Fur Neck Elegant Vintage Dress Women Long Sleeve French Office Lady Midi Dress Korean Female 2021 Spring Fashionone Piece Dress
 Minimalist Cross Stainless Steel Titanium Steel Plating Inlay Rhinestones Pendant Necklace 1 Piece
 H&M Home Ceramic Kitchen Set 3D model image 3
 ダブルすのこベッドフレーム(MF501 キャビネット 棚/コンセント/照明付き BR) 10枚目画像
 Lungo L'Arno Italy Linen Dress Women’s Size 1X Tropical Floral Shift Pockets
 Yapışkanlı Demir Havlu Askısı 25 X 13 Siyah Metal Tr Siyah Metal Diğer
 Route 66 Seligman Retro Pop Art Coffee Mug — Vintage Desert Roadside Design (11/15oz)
________________________
Find the lines above that hold "Dress", then copy each of them.

Fur Neck Elegant Vintage Dress Women Long Sleeve French Office Lady Midi Dress Korean Female 2021 Spring Fashionone Piece Dress
 Lungo L'Arno Italy Linen Dress Women’s Size 1X Tropical Floral Shift Pockets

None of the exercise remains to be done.